Use of sprawling, convoluted sentences—in legal memoranda, briefs to the court, judicial opinions, statutes, and transactional documents—is a long-standing tradition in legal writing.
The desire to stave off any possible misinterpretation and be as precise as possible likely accounts for the lawyerly habit of stuffing so much information and detail into a single sentence that it bloats with multiple phrases within multiple clauses. While the result may be grammatical correct, coherence and comprehensibility are lost. Such construction forces even those with legal training to read the sentence multiple times before discerning the point. By failing to serve up our thoughts in easily digestible units, we do our readers (and ourselves) a disservice—especially in this age of increasing time pressures and diminishing attention spans. Quick conveyance of meaning should be our priority.
Top legal writing experts say we should generally limit our sentences to 20 to 25 words and aim to express just one thought in each, or, as the deceased legal scholar and trial practice expert James W. McElhaney wrote in his December 1995 column for the American Bar Association Journal, “give each sentence just one job.”
With that in mind, let’s take a look at an 86-word sentence that Richard C. Wydick uses in his classic guide, Plain English for Lawyers, to illustrate the problem with convoluted sentence construction:
In a trial by jury, the court may, when the convenience of witnesses or the ends of justice would be promoted thereby, on motion of a party, after notice and hearing, make an order, no later than the close of the pretrial conference in cases in which such pretrial conference is to be held, or in other cases, no later than 10 days before the trial date, that the trial of the issue of liability shall precede the trial of any other issue in the case.

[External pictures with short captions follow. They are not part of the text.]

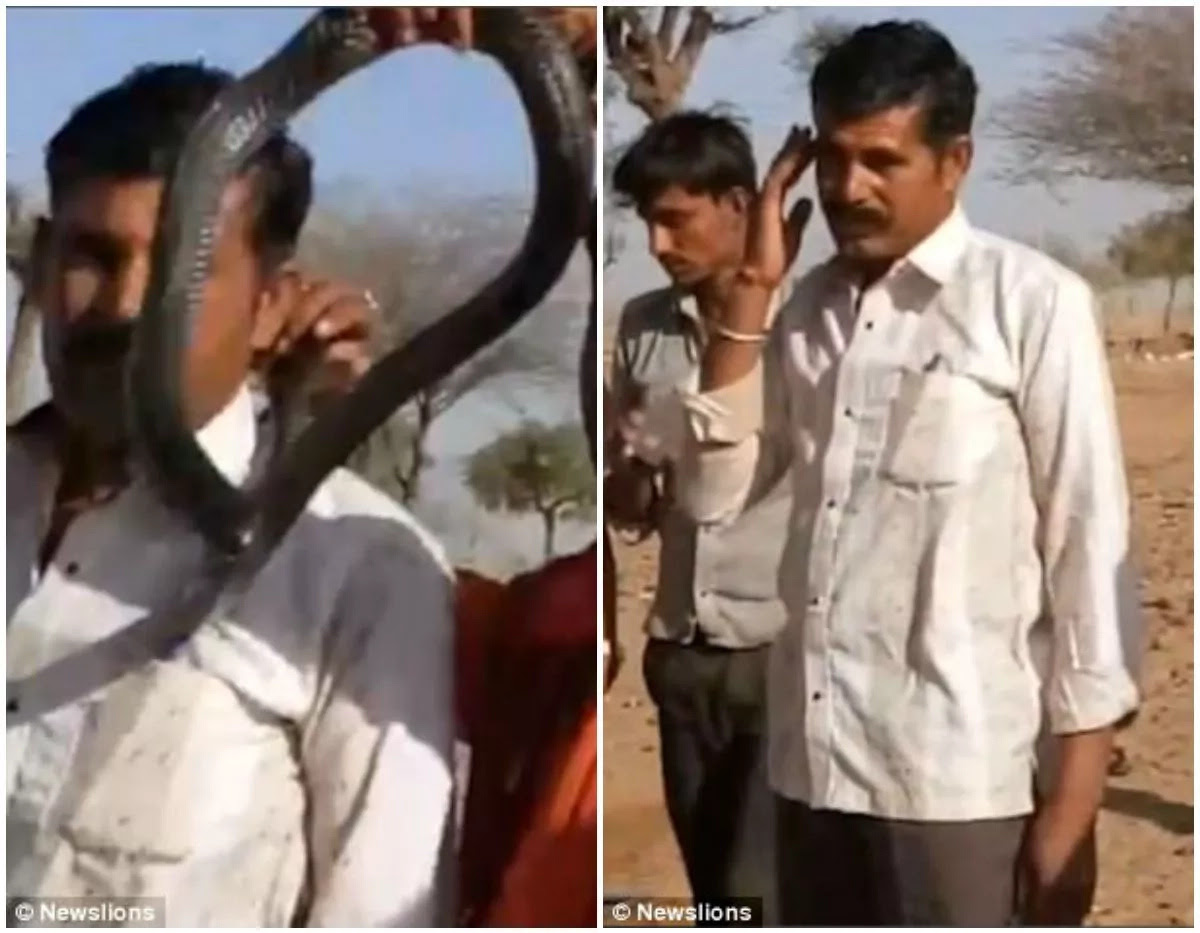 Man BITTEN on the face by cobra while posing for a photo with it, dies "within an hour" (photos, video)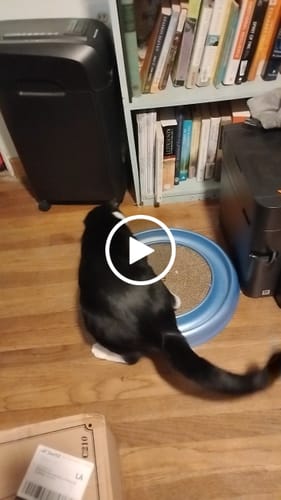 Customer video review of Cat Cold, Sneezing & Respiratory Support Remedy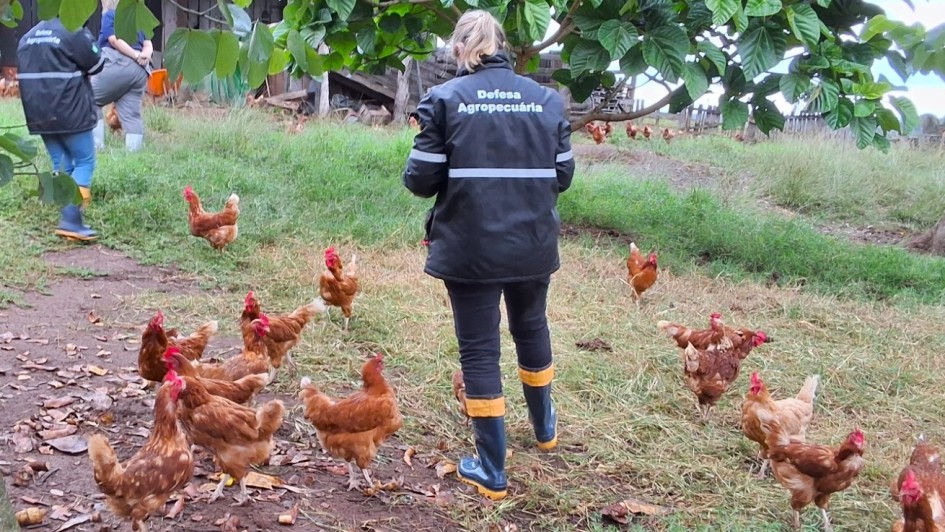 Programa de Sanidade Avícola do governo do Estado garante excelência da avicultura gaúcha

(Wydick, Plain English for Lawyers (5th ed. 2005) “Use Short Sentences,” ch. 5, p. 34.)
Say what?
While grammatically correct, this sentence is hard to understand. Wydick parses it for us by breaking out the five pieces of information that it contains. He lists them in this order:
- In a jury case, the liability issue may be tried before any other issue.
- The judge may order the liability issue to be tried first if that will serve the convenience of witnesses or the ends of justice.
- The judge may make the order on a party’s motion, after notice and hearing.
- In a case with a pretrial conference, the judge may make the order no later than the end of the conference.
- In a case with no pretrial conference, the judge may make the order no later than ten days before the trial date.
(Wydick, Plain English, pp. 34-35.)
The original sentence is hard to understand for two reasons, Wydick explains. First, in cramming the five thoughts into a single sentence, the writer has mangled their logical ordering. The first question readers want answered when tackling a new sentence is, “What is the main point?” In this case, the main point is the first of the numbered pieces of information above: In a jury case, the liability issue may be tried before any other issue. While the first part of that thought comes at the beginning of the sentence, its completion does not occur until the very end, in the last 20 words. To get there, readers must “climb through’’ four subsidiary ideas. A sentence that essentially makes readers run through an obstacle course to get to the main point is not a well-constructed sentence.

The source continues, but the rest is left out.